Apple isn't paying OpenAI for access to ChatGPT: report – Business Insider India

Apple announced on Monday that it would integrate OpenAI’s ChatGPT into its devices. But people familiar with the deal told Bloomberg that the iPhone maker wasn’t paying OpenAI to use its product.
They said that instead, Apple thought the new deal would bring OpenAI’s technology closer to hundreds of millions of users and would be of equal or greater value than a cash payment.
The sources also said, however, that this alliance between Apple and OpenAI wasn’t expected to generate meaningful revenue for either company yet.
The deal could still be a win for both parties. Apple, for one, would benefit from offering users access to an advanced AI chatbot.
And OpenAI stands to reap the benefits of access to Apple’s vast platform. Being integrated into devices means it’s set to reach millions of Apple users, some of whom may upgrade to paid ChatGPT versions, access to which starts at $20 a month.
Apple and OpenAI didn’t immediately respond to requests for comment from Business Insider sent outside regular business hours.
OpenAI may actually be getting a pretty good deal, considering that partnering with Apple doesn’t often come free — Google paid the company $20 billion in 2022 to have its search engine be the default on iPhones and other Apple devices.
OpenAI’s access to Apple users is also fairly extensive. At its Worldwide Developer’s Conference on Monday, Apple announced it would add ChatGPT to its iPhone, iPad, and Mac products. Users are set to have access to writing tools, document reading, and image generation without switching between apps.
The tech giant also plans to integrate ChatGPT with Siri, the digital assistant built into Apple devices. Users can opt out of the integration and decide whether they want Siri to send their queries to ChatGPT.
Apple’s WWDC keynote, which also discussed its in-house Apple Intelligence offerings, provided relief to investors who worried the company was falling behind in the AI race.

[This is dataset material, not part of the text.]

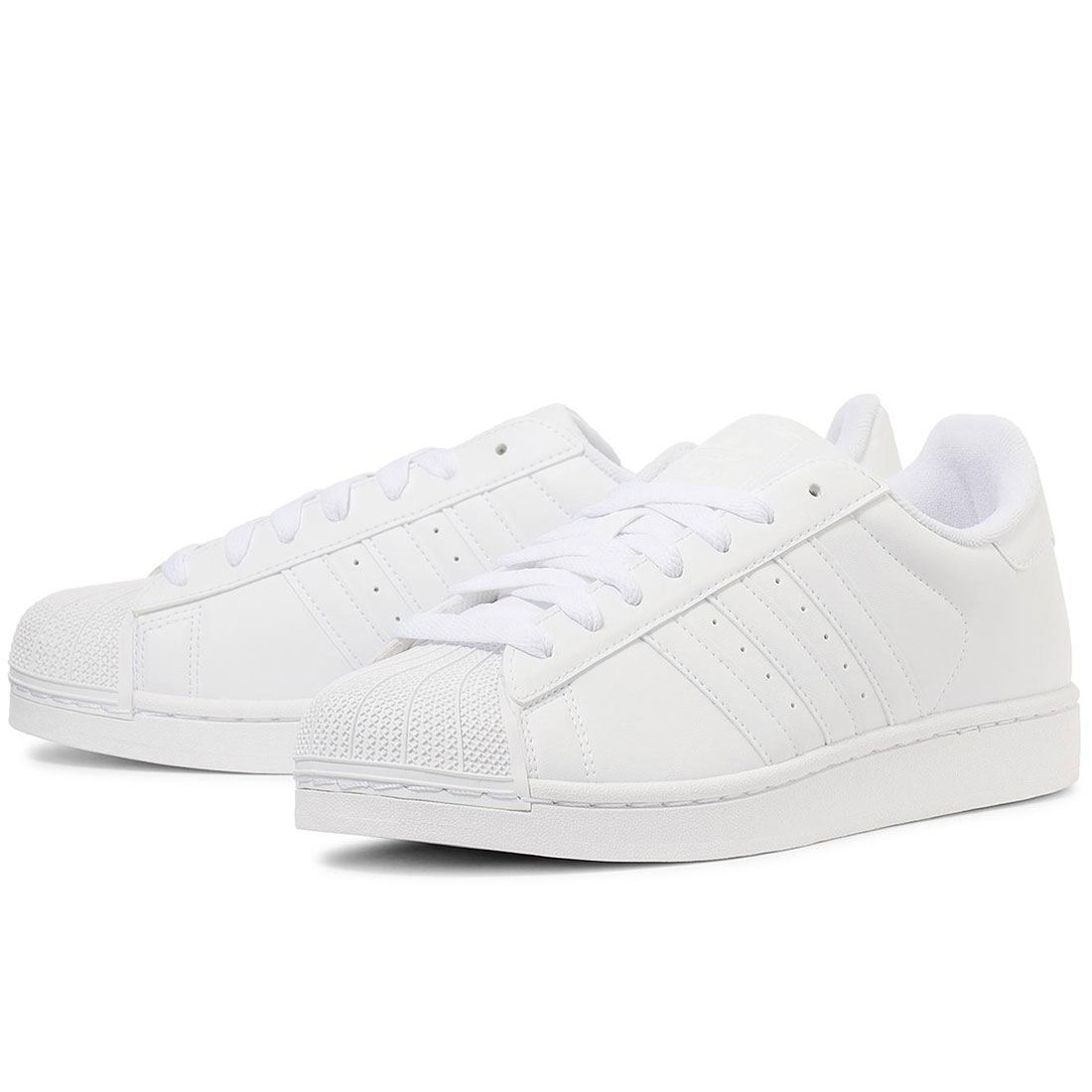 [アディダス] スーパースター TD [SUPERSTAR TD] フットウェアホワイト/フットウェアホワイト/フットウェアホワ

Analysts reacting to the OpenAI deal also predicted that the tie-up might dilute Apple’s revenue, at least in the near term.

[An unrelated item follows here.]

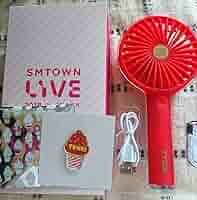 東方神起 smtown 扇風機 ポーチ キーホルダー　② 東方神起 smtown 扇風機 ポーチ キーホルダー ② - メルカリ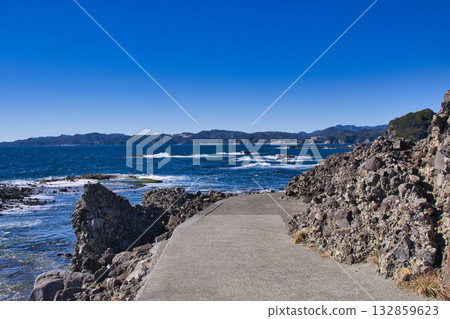 【靜岡縣】惠比壽島風光 132859623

For one, analysts at Bernstein wrote after the WWDC keynote that while revenue sharing could benefit both firms, “some possible migration from traditional search queries” might still affect Apple’s returns on the investment.
That said, Apple may also introduce similar partnerships with other chatbots.
Craig Federighi, a top Apple executive, also said at the WWDC keynote that Apple was looking to cut a deal with Google to use its Gemini AI model.
Bloomberg reported in March that Apple had also held talks with Anthropic for a potential chatbot deal.